====== DATASET ======
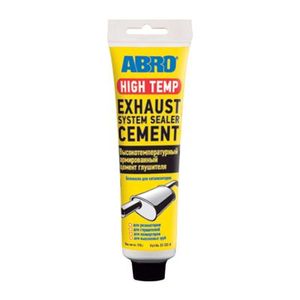 Герметик высокотемпературный армированный (цемент) до +1100С, для глушителя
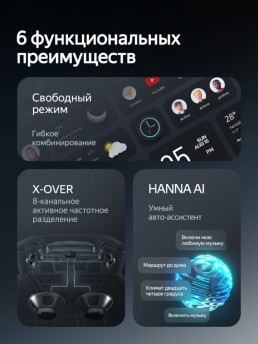 Штатная магнитола Teyes CC4 6/64 Toyota Estima AHR20 XR50 3 (2006-2016) Правый руль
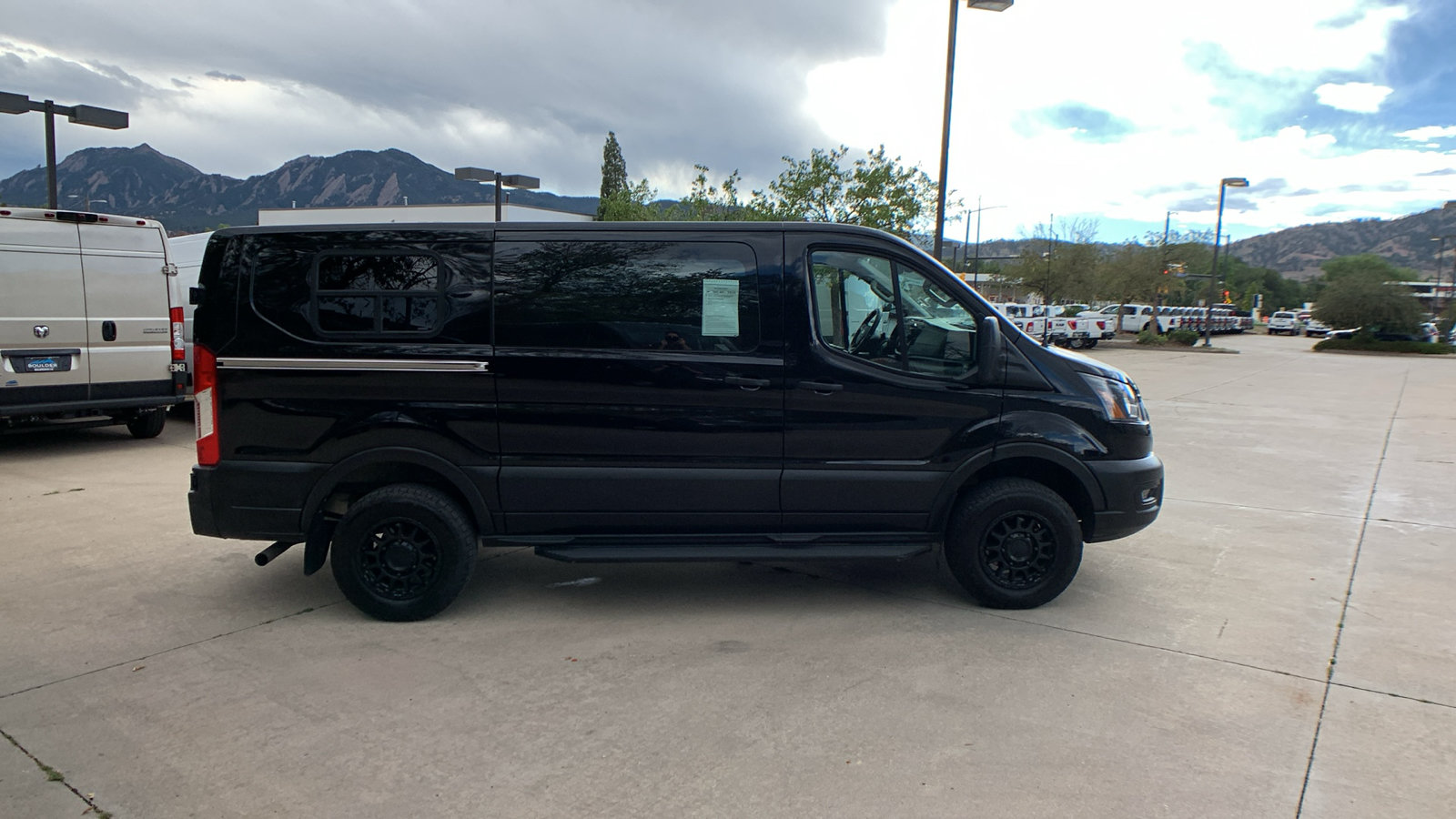 Used 2023 Ford Transit 150 Low Roof AWD w/ Exterior Upgrade Package image 6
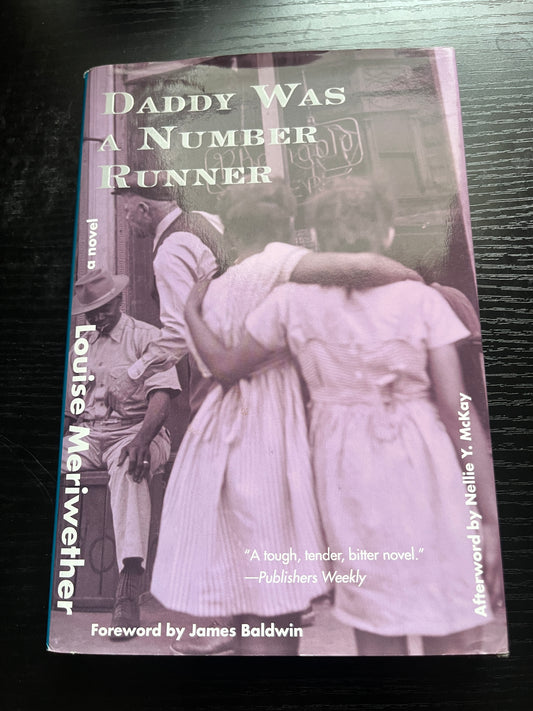 DADDY WAS A NUMBER RUNNER by Louise Meriwether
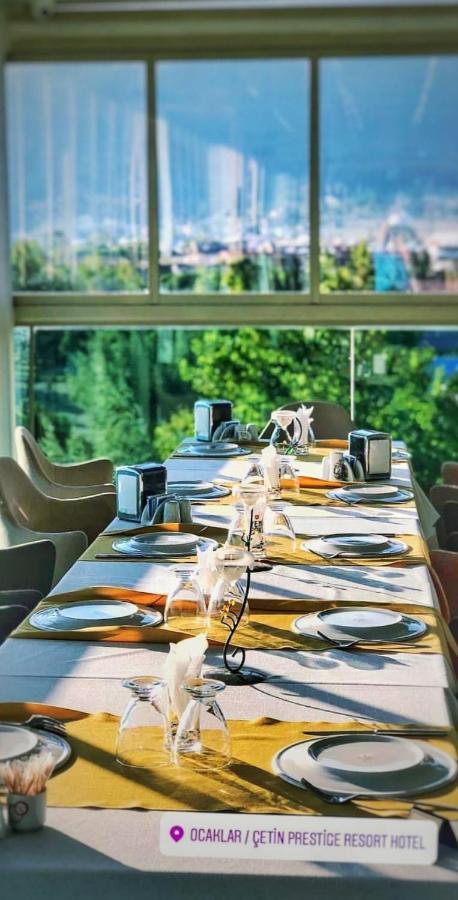 Ceti̇N Presti̇Ge Resort Ocaklar Εξωτερικό φωτογραφία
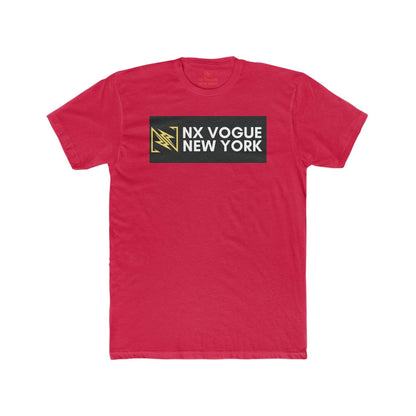 NX VOGUE Men's Cotton Tee - NX Vogue New York | Luxury Redefined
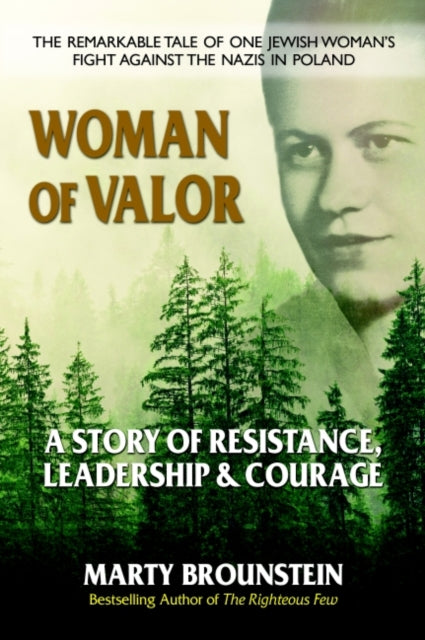 Book cover of: Woman of Valor. By: Marty Brounstein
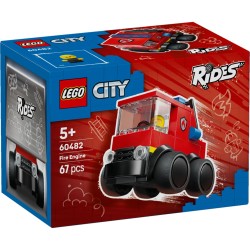 Lego City Brick Rides 60482 Voertuigen Brandweerwagen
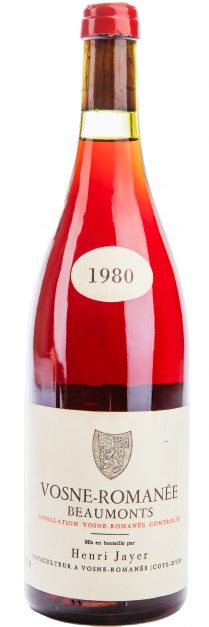 1980 H. Jayer Vosne Romanee Les Beaux Monts 750ml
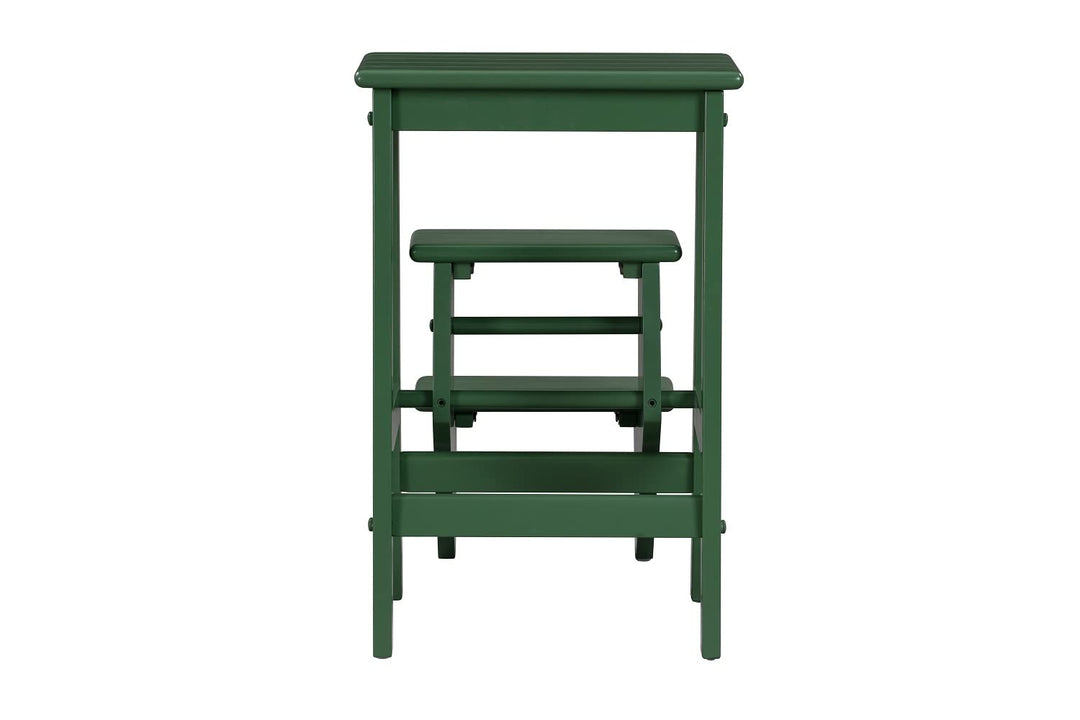 Boraam Niko 3-Tier Step Stool Counter Height Equestrian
======
Make an exact copy of the lines from the top of the material through the line with "Book cover of: Woman", pictures excluded.

 Герметик высокотемпературный армированный (цемент) до +1100С, для глушителя
 Штатная магнитола Teyes CC4 6/64 Toyota Estima AHR20 XR50 3 (2006-2016) Правый руль
 Used 2023 Ford Transit 150 Low Roof AWD w/ Exterior Upgrade Package image 6
 DADDY WAS A NUMBER RUNNER by Louise Meriwether
 Ceti̇N Presti̇Ge Resort Ocaklar Εξωτερικό φωτογραφία
 NX VOGUE Men's Cotton Tee - NX Vogue New York | Luxury Redefined
 Book cover of: Woman of Valor. By: Marty Brounstein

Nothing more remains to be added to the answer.